This scheduler represents Kubernetes Pods as a Slurm Job, waits for Slurm to
schedule the Job, then informs Kubernetes on which nodes to allocate the
represented Pods. This scheduler defers scheduling decisions to Slurm, hence
certain assumptions about the environment must be met for this to function
correctly.
Sequence Diagram
sequenceDiagram
autonumber
actor user as User
participant KAPI as Kubernetes API
participant SBS as Slurm-Bridge Scheduler
participant SAPI as Slurm REST API
loop Workload Submission
user->>KAPI: Submit Pod
KAPI-->>user: Return Request Status
end %% loop Workload Submission
loop Scheduling Loop
SBS->>KAPI: Get Next Pod in Workload Queue
KAPI-->>SBS: Return Next Pod in Workload Queue
note over SBS: Honor Slurm scheduling decision
critical Lookup Slurm Placeholder Job
SBS->>SAPI: Get Placeholder Job
SAPI-->>SBS: Return Placeholder Job
option Job is NotFound
note over SBS: Translate Pod(s) into Slurm Job
SBS->>SAPI: Submit Placeholder Job
SAPI-->>SBS: Return Submit Status
option Job is Pending
note over SBS: Check again later...
SBS->>SBS: Requeue
option Job is Allocated
note over SBS: Bind Pod(s) to Node(s) from the Slurm Job
SBS->>KAPI: Bind Pod(s) to Node(s)
KAPI-->>SBS: Return Bind Request Status
end %% Lookup Slurm Placeholder Job
end %% loop Scheduling Loop
1.3 - Tasks
Guides to tasks related to the administration of a cluster running
slurm-bridge
.
1.3.1 - Running slurm-bridge locally
You may want to run slurm-bridge
on a single machine in order to test the
software or familiarize yourself with it prior to installing it on your cluster.

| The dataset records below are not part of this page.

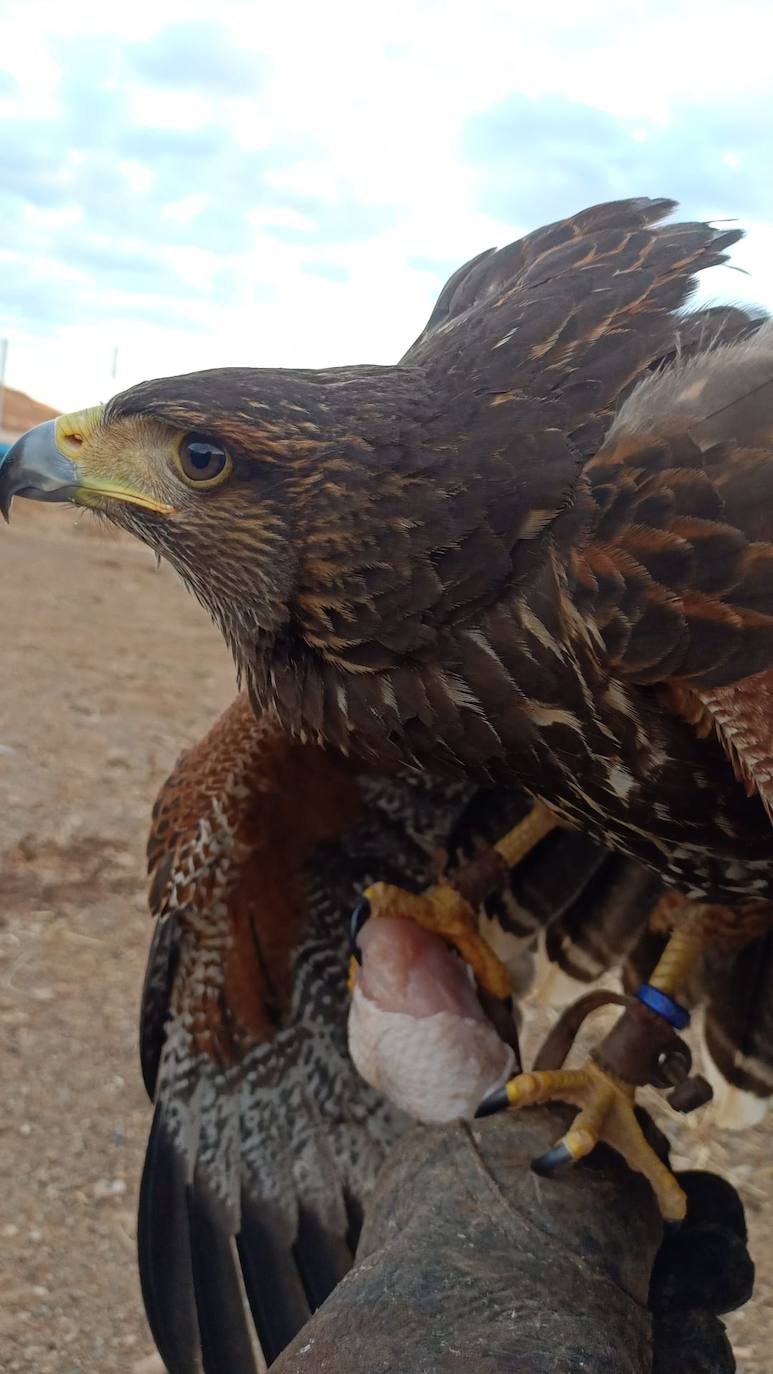 El álbum de Majorera, el águila harris desaparecida en Agüimes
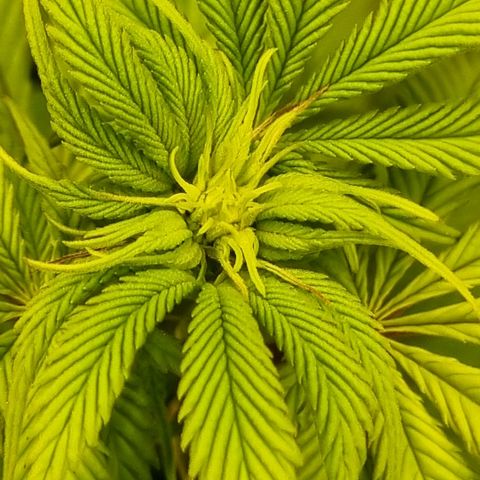 Pineapple Express growlog timeline photo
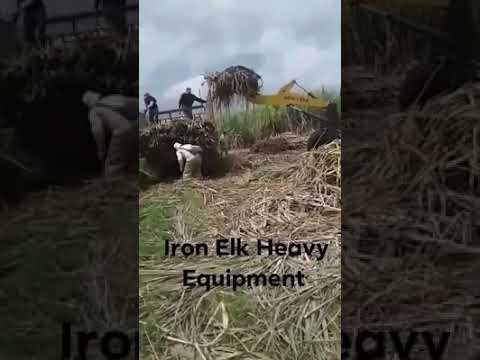 Iron Elk StrongBull Cane Loader (Murcia Farm)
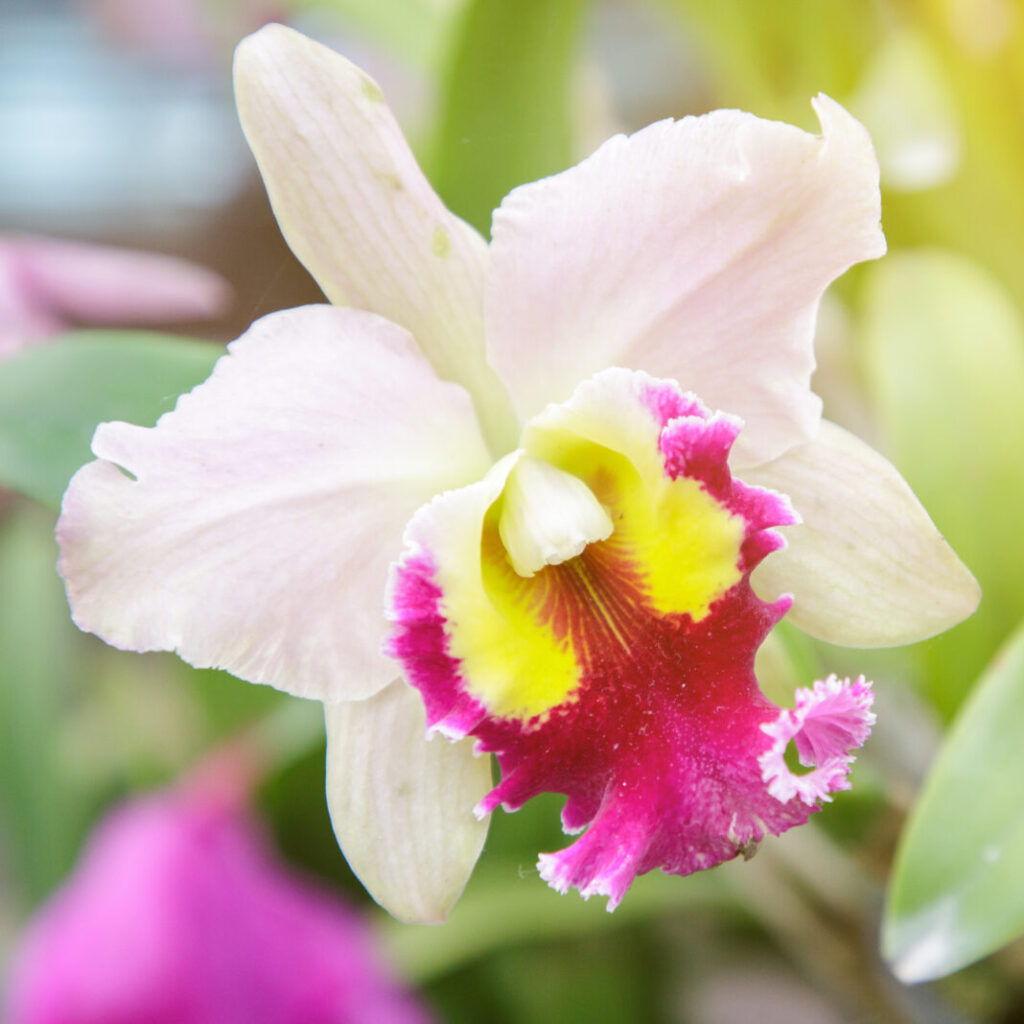 Orchids- Varieties- Cattleyas-city floral garden center denver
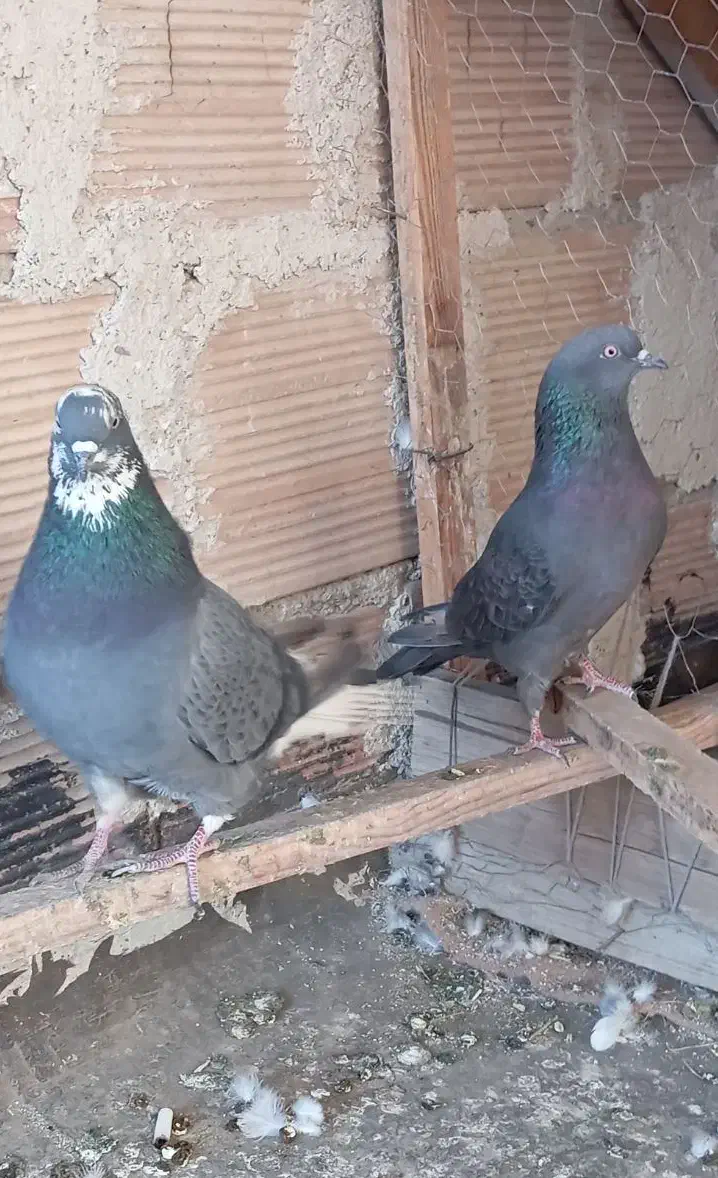 کفتر‌پرش|پرنده|گلستان (تهران), |دیوار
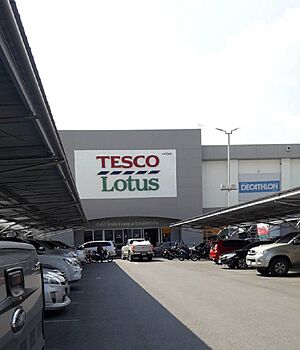 TescoLotus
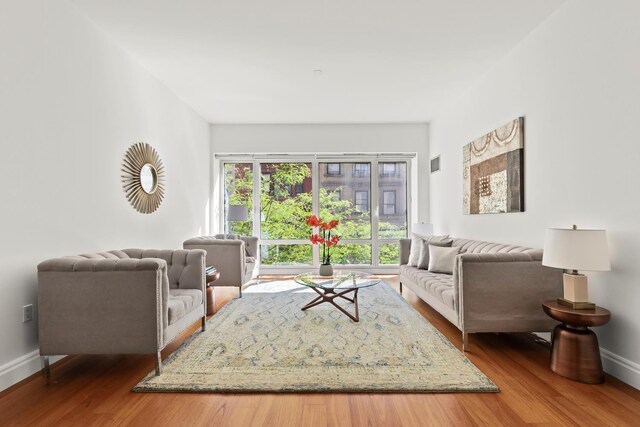 living room with hardwood / wood-style flooring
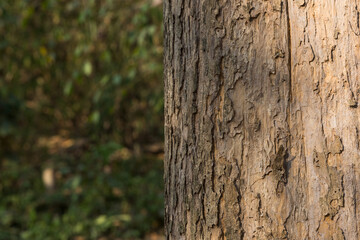 Obraz premium Teak tree in the forest with blurred background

This should only be done for testing and evaluation purposes and should not be
used for production environments.
We have provided a script to do this using Kind and
the
hack/kind.sh
script.
This document assumes a basic understanding of
Kubernetes architecture. It
is highly recommended that those who are unfamiliar with the core concepts of
Kubernetes review the documentation on
Kubernetes,
pods, and
nodes before getting
started.
Pre-requisites
- go 1.17+ must be installed on your system
Setting up your environment
- Install Kind using
go install
:
go install sigs.k8s.io/kind@v0.29.0
If you get kind: command not found
when running the next step, you may need to
add GOPATH to your PATH:
export GOPATH=$HOME/go
export PATH=$PATH:$GOROOT/bin:$GOPATH/bin
- Confirm that kind is working properly by running the following commands:
kind create cluster
kubectl get nodes --all-namespaces
kind delete cluster
- Clone the
slurm-bridge
repo and enter it:
git clone git@github.com:SlinkyProject/slurm-bridge.git
cd slurm-bridge
Installing slurm-bridge
within your environment
Provided with slurm-bridge
is the script hack/kind.sh
that interfaces with
kind to deploy the slurm-bridge
helm chart within your local environment.
- Create your cluster using
hack/kind.sh
:
- Familiarize yourself with and use your test environment:
kubectl get pods --namespace=slurm-bridge
kubectl get pods --namespace=slurm
kubectl get pods --namespace=slinky
Celebrate!
At this point, you should have a kind cluster running slurm-bridge
.
Cleaning up
hack/kind.sh
provides a mechanism by which to destroy your test environment.
Run:
hack/kind.sh --delete
To destroy your kind cluster.
1.3.2 - Creating a Workload
In Slurm, all workloads are represented by jobs. In slurm-bridge
, however,
there are a number of forms that workloads can take. While workloads can still
be submitted as a Slurm job, slurm-bridge
also enables users to submit
workloads through Kubernetes. Most workloads that can be submitted to
slurm-bridge
from within Kubernetes are represented by an existing Kubernetes
batch workload primitive.
At this time, slurm-bridge
has scheduling support for Jobs,
JobSets, Pods, and PodGroups. If your workload
requires or benefits from co-scheduled pod launch (e.g. MPI, multi-node),
consider representing your workload as a JobSet or
PodGroup.
Using the slurm-bridge
Scheduler
slurm-bridge
uses an
admission controller
to control which resources are scheduled using the slurm-bridge-scheduler
. The
slurm-bridge-scheduler
is designed as a non-primary scheduler and is not
intended to replace the default
kube-scheduler.
The slurm-bridge
admission controller only schedules pods that request
slurm-bridge
as their scheduler or are in a configured namespace. By default,
the slurm-bridge
admission controller is configured to automatically use
slurm-bridge
as the scheduler for all pods in the configured namespaces.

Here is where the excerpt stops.